§ REQUIRED WORK:
If a line in the records below contains "Mercedes", copy that line.

*** DATA LISTING ***

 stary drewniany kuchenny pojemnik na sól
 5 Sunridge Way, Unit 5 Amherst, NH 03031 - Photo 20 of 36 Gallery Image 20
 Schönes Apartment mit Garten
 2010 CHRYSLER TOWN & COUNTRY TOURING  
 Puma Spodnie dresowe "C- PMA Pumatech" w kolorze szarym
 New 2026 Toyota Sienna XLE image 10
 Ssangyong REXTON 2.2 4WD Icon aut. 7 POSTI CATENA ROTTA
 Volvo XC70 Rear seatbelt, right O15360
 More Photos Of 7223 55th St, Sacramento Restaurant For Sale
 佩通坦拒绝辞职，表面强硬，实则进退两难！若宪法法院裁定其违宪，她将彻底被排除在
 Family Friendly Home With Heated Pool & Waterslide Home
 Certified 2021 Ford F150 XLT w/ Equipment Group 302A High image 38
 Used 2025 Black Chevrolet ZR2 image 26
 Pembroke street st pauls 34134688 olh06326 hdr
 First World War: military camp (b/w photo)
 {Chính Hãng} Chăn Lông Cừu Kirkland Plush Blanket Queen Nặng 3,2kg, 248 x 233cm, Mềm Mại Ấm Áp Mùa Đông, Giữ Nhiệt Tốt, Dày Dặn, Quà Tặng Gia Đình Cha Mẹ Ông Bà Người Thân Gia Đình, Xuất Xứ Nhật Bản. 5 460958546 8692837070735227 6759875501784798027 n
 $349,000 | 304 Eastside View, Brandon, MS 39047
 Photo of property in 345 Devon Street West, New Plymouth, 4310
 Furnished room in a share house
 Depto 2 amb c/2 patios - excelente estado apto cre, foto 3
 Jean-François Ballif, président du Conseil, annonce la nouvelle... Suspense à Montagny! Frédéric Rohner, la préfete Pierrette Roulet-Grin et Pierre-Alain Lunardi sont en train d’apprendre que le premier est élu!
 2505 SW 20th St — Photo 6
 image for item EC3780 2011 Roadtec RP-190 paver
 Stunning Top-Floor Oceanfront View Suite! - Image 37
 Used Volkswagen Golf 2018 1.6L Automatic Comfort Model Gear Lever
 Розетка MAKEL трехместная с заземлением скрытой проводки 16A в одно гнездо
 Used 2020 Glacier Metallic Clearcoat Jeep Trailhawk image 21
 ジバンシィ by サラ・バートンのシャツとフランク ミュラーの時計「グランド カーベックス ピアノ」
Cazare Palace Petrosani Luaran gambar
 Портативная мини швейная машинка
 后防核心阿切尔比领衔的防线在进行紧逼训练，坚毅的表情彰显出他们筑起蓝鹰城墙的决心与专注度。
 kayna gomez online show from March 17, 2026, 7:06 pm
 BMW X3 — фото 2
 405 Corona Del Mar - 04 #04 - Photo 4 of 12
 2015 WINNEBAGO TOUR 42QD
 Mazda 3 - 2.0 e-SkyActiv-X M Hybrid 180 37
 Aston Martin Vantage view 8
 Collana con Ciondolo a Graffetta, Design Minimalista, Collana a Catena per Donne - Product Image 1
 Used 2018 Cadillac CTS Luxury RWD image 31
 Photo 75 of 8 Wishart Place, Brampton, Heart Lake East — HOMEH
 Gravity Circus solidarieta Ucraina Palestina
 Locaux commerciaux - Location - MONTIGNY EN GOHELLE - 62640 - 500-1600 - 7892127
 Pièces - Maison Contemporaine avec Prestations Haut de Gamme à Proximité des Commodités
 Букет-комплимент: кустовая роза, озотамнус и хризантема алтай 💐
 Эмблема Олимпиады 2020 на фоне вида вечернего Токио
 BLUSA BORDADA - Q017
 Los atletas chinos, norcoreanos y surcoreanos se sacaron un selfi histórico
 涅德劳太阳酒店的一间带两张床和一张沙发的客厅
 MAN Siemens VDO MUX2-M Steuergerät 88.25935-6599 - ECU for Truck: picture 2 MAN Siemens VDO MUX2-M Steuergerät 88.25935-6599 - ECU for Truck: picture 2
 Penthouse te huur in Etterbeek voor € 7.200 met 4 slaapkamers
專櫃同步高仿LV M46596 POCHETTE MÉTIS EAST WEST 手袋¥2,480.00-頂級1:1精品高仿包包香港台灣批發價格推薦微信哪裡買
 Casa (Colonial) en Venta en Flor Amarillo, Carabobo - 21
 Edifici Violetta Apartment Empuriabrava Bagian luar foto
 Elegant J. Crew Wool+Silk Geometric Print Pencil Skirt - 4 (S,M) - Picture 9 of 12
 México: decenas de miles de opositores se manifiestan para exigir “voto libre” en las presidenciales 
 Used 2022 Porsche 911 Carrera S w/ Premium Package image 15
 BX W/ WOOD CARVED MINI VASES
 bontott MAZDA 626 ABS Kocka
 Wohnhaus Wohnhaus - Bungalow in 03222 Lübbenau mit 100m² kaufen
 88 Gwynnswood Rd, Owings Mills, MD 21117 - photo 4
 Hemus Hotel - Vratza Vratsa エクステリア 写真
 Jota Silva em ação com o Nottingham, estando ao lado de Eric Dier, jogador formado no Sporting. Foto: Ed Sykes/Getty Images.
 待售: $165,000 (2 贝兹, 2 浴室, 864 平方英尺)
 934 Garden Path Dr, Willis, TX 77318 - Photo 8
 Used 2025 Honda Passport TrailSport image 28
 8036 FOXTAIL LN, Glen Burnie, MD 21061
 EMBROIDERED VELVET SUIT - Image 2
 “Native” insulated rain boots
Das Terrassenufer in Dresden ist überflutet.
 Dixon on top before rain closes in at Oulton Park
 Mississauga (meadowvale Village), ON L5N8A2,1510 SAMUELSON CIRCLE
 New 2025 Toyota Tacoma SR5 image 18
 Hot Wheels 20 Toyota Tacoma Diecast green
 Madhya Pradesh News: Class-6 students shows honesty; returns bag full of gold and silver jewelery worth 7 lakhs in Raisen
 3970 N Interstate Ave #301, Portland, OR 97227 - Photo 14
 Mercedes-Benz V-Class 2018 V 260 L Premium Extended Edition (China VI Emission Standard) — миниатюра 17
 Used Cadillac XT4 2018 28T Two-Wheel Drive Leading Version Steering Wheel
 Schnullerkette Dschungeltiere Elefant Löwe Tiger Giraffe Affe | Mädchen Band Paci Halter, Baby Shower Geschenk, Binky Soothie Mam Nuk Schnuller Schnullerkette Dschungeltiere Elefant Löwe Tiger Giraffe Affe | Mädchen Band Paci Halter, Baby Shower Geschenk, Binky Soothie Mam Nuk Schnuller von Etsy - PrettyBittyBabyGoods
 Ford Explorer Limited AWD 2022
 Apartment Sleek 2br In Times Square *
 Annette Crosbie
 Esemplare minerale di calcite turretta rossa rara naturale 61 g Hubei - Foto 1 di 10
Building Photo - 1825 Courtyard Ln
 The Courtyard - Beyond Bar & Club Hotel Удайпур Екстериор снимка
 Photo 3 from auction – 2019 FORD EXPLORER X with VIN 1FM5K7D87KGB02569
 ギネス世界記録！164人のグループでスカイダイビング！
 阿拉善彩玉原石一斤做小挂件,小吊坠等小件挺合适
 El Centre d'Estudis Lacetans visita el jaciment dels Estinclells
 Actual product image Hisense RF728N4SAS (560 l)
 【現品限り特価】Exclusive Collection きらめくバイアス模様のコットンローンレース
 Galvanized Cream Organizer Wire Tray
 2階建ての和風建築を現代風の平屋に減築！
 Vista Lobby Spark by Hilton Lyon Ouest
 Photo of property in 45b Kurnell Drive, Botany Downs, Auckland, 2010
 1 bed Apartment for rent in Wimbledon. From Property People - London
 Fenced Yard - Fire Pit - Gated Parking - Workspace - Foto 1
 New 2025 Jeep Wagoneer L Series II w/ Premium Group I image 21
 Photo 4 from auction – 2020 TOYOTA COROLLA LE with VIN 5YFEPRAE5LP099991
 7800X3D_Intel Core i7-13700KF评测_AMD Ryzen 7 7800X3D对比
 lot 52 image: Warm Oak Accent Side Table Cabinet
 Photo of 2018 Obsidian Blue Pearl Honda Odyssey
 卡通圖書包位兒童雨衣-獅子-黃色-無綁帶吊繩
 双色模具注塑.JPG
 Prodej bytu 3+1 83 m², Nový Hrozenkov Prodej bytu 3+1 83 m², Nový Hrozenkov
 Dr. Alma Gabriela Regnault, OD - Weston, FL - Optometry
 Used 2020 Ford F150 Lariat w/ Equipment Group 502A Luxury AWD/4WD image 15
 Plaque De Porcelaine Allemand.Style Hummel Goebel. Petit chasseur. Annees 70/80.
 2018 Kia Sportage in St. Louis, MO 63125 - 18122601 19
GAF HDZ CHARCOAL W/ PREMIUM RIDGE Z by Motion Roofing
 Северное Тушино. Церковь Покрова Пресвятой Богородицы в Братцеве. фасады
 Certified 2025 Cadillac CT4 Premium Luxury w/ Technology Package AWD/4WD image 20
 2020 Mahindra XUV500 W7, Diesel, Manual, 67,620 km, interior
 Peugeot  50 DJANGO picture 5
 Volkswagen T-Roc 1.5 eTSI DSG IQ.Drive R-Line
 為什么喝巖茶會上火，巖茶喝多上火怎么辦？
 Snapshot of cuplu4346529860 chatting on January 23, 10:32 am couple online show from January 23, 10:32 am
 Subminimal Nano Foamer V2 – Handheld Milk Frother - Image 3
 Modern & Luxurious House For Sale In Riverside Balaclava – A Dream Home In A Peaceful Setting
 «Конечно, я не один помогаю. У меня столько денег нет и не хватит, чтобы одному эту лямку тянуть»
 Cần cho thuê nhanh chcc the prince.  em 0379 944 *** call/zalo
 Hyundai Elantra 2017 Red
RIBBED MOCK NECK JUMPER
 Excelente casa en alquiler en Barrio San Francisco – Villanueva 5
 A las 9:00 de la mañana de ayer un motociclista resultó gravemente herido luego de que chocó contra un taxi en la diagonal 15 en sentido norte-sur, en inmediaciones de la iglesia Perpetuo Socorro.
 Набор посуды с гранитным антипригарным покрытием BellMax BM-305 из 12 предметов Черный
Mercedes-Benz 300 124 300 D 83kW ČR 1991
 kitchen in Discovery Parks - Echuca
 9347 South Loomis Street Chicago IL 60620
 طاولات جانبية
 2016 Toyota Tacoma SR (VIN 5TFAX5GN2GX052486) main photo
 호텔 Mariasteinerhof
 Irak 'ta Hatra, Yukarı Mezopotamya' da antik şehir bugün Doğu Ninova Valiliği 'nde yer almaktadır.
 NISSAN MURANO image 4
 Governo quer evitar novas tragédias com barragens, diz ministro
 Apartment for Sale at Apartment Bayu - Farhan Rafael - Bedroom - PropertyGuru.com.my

*** End of DATA LISTING ***

§ TASK ANSWER:
 Mercedes-Benz V-Class 2018 V 260 L Premium Extended Edition (China VI Emission Standard) — миниатюра 17
Mercedes-Benz 300 124 300 D 83kW ČR 1991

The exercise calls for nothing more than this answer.